Ao mesmo tempo, os angolanos admiram profundamente os portugueses, mas não tanto os protagonistas da política miúda e do comentário televisivo, e sim os portugueses de Vasco da Gama, de Diogo Cão, do Infante D. Henrique: os navegadores que não temeram o desconhecido e que, no imaginário, ocupam hoje o lugar dos engenheiros espaciais que se preparam para ir a Marte ou à Lua. Aquilo que, ao seu tempo, parecia assustador e inalcançável, eles tornaram concreto, traçando rotas, dobrando cabos, abrindo linhas marítimas onde antes só havia mapas em branco. Trouxeram também ideias, trouxeram a religião católica, trouxeram um universo simbólico inteiro e, juntamente com isso, uma face sombria, brutal, em que Portugal se tornou peça central no tráfico de escravos que arrancou milhares de angolanos da sua terra. Muito cedo, porém, formou-se uma classe crioula, famílias africanas e mestiças que se foram incorporando na cultura portuguesa e que, pouco a pouco, passaram a servir também os desígnios do Estado colonial. A história torna-se, assim, um bordado apertado, de fios que se cruzam e se confundem: dominação e colaboração, violência e mimetismo, imposição e desejo de ascensão.

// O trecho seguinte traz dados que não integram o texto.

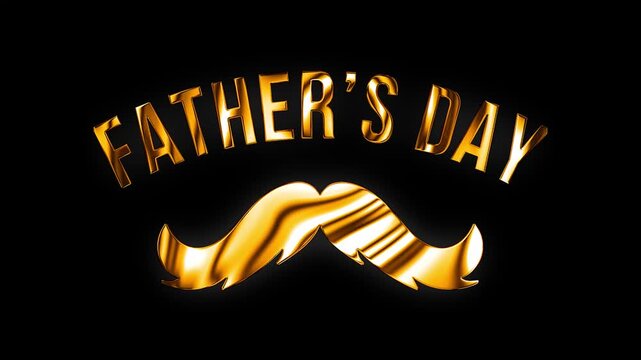 Father's day text moustache design golden lines animation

Convém ainda recordar que o ressentimento contra o regime ditatorial teve sempre um traço colectivo. O salazarismo oprimia os africanos, mas oprimia igualmente os próprios portugueses, muitos dos quais chegaram a Angola em circunstâncias duras, fugidos da pobreza ou de perseguições políticas, levando consigo uma memória amarga da metrópole. Dessa experiência partilhada nasceu uma forma peculiar de solidariedade, uma consciência de destino entrelaçado que nunca se dissolveu por completo.
Hoje, esse enredo reaparece na vida quotidiana das famílias angolanas de classe média e alta: vivem em Luanda, mas a televisão está muitas vezes sintonizada em canais portugueses, seguem com atenção os debates parlamentares em Lisboa, riem com os programas de entretenimento, sonham com escolas em que os filhos falarão um português impecavelmente europeu. As crianças crescem a imitar o sotaque lisboeta, a mesa replica pratos da culinária portuguesa e o ideal de respeitabilidade continua a ser medido por esse padrão.
É precisamente nesse cenário que irrompe o senhor Ventura, este sujeito com a aparência e o timbre de um taxista opinativo ou de um pequeno comerciante de bairro, dono de uma loja de vinhos e enchidos, que se permite falar de Angola com uma familiaridade rude, exibindo convicções que tocam nervos expostos. A sua retórica, o seu olhar sobre os africanos, o modo como instrumentaliza Angola no discurso político interno, tudo isso constitui uma provocação íntima para essas elites que, ao mesmo tempo que se reconhecem na tradição portuguesa e nela procuram um espelho, se vêem repentinamente confrontadas com uma imagem vinda de baixo, sem verniz, sem boas maneiras, que as irrita num plano profundo, quase existencial. É aí, nessa fricção entre a portugalidade idealizada e o Portugal real que Ventura encarna, que se percebe até que ponto a história partilhada continua a trabalhar em silêncio dentro do imaginário angolano.